Baseline inconsistency reviews begin with examination of the dates of the screening survey and baseline assessment to establish which items, based on response window (eg, past week, past year, or lifetime use), are expected to overlap. Next, research staff review each response to items with overlapping time frames from the screening and baseline surveys. For example, if a participant reported no lifetime use of cannabis in the baseline survey but then reported weekly cannabis use in the baseline interview completed 2 days later, that would be recorded as an inconsistency. Of course, it is reasonable that a participant could make errors in reading and answering survey questions; therefore, we set a threshold for the number of inconsistencies required to prompt the next stage of review. Specifically, if it is determined that there are ≥4 inconsistencies across the screening survey and baseline assessment, the research staff member prepares a formal report of all potential inaccuracies for the project PIs and coordinator to review. The PIs and coordinator examine all inconsistencies to determine if any can be explained more parsimoniously. If the PIs and coordinator deem at least 4 inconsistencies to be due to poor-quality reporting (ie, not otherwise reasonably explainable), the check is considered failed and the participant is withdrawn from the study. If ≤3 inconsistencies are deemed to be due to poor-quality responses, the check is passed and the participant may continue in the study.

The criterion of 4 inconsistent responses was based on a preliminary review of data from participants who had passed all other checks (ie, high likelihood that they were genuine and eligible participants). Among these authenticated participants, the maximum number of inconsistencies was 3.

Data Analyses

We computed descriptive findings (eg, frequencies and proportions) regarding the active authentication system, including passing rates for each.


Non–web-based recruitment for this study began in fall 2023. Web-based recruitment, facilitated by a third-party recruitment company, began in January 2024. Results of the recruitment process are presented through October 2024 in Figure 1, divided by recruitment source (web-based recruitment vs non–web-based recruitment). A timeline of the date each strategy was implemented can be found in Multimedia Appendix 1. Of the 4915 interest forms completed, 1069 (21.75%) were completed by participants recruited remotely using web-based methods. Of the 1401 screening surveys completed, 651 (46.47%) were completed by participants recruited remotely using web-based methods. A total of 259 participants recruited using web-based methods were eligible and completed the baseline assessment, resulting in 39.8% (259/651) of the participants screened from this recruitment method completing the baseline assessment and continuing to the longitudinal portion of the study. A total of 20 participants recruited from non–web-based recruitment sources were eligible and completed the baseline assessment, resulting in 2.7% (20/750) of the participants screened from this recruitment method completing the baseline assessment and continuing to the longitudinal portion of the study. Of the 279 participants currently completing the longitudinal phase of the study, 259 (92.8%) were recruited using web-based methods.
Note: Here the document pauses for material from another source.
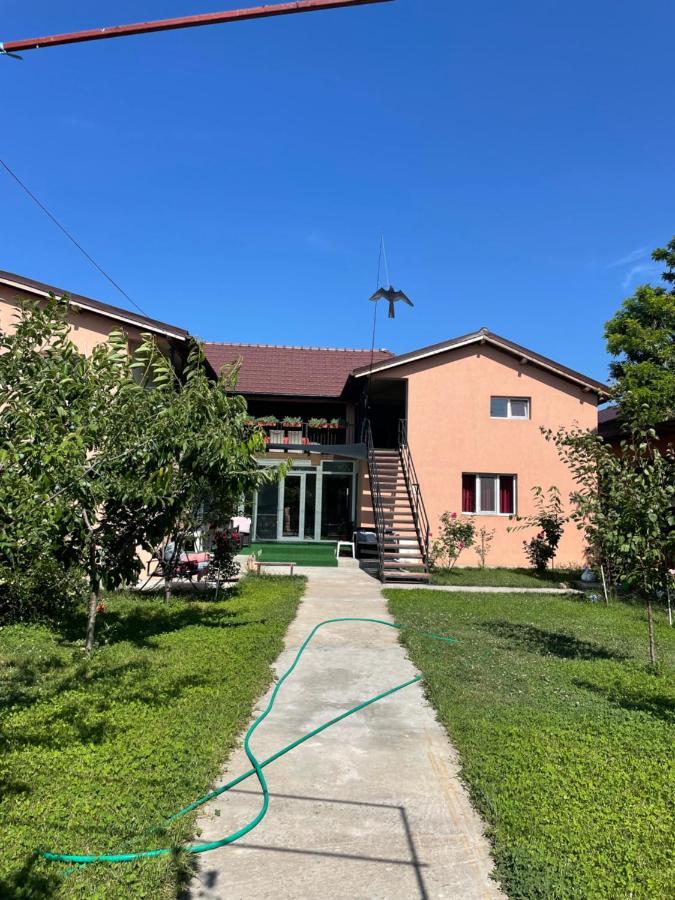 Vila Baciu Hotel Tuzla Exterior foto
The authentication protocol has been applied to the 1069 individuals completing interest forms who were recruited via web-based avenues managed by a third-party recruitment company. The total number of active authentication checks administered to this sample as of October 2024 is presented in Table 1, along with the number of failed checks. Altogether, 2598 active authenticity checks were administered to the 1069 individuals recruited remotely. In total, 6.85% (178/2598) of those checks failed. Because some checks were applied retroactively, individuals could fail multiple checks (Table 2 provides a complete breakdown). Consequently, 11.13% (119/1069) of unique individuals recruited by web-based methods were withdrawn from participation due to failed checks.
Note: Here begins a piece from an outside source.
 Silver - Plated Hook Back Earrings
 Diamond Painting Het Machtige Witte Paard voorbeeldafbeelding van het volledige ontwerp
The largest source of failed active checks was personal information verification, which comprised 100 failures. Of those 100 failures, most were due to either providing a different name on the screening survey than on the interest form (n=33, 33%) or providing a nonresidential address in the absence of reporting housing instability (n=43, 43%). The consistent reporting review and verbal identity confirmation accounted for the second and third largest sources of failed active checks, comprising 31 and 30 failures, respectively. Alternatively, the interest form duplication review had the lowest rate of failure at 0.7% (7/942) and accounted for the fewest failures.


Summary

This report describes the development and initial implementation of authenticity checks for remote recruitment procedures in a sample of individuals reporting opioid-involved PSU. We discuss findings and conclusions related to the success of web-based recruitment methods for this population, the utility of the authenticity protocol designed for this study, the use of third-party web-based recruitment companies for conducting human participant research, and avoiding the introduction of barriers to participation when choosing and implementing authentication systems.

Web-Based Recruitment

Consistent with previous work examining the utility of web-based recruitment methods in substance use research, the preliminary results of our investigation suggest that these methods are effective [17,21]. In addition, these methods appear to be considerably faster than non–web-based recruitment avenues [8,12,14]. Despite far fewer completed interest forms compared to those recruited via non–web-based methods, the vast majority of our sample has been recruited from a web-based advertisement campaign managed by a third-party recruitment company. There are several possible reasons for this success. First, as has been observed in previous studies, web-based recruitment has the benefit of reaching a much larger pool of possible participants (eg, national recruitment) [6]. This breadth, combined with the tailoring of our advertising campaign, likely contributed to the high rate of eligible participants observed in the data. Second, remote research methods have been shown to be effective when recruiting participants based on stigmatized health behaviors, including substance use [17,21]. Third, participants responding to targeted advertisements are self-selecting into the study, whereas reaching participants through some non–web-based methods, such as EHR review, requires the study team to initiate contact with the participant.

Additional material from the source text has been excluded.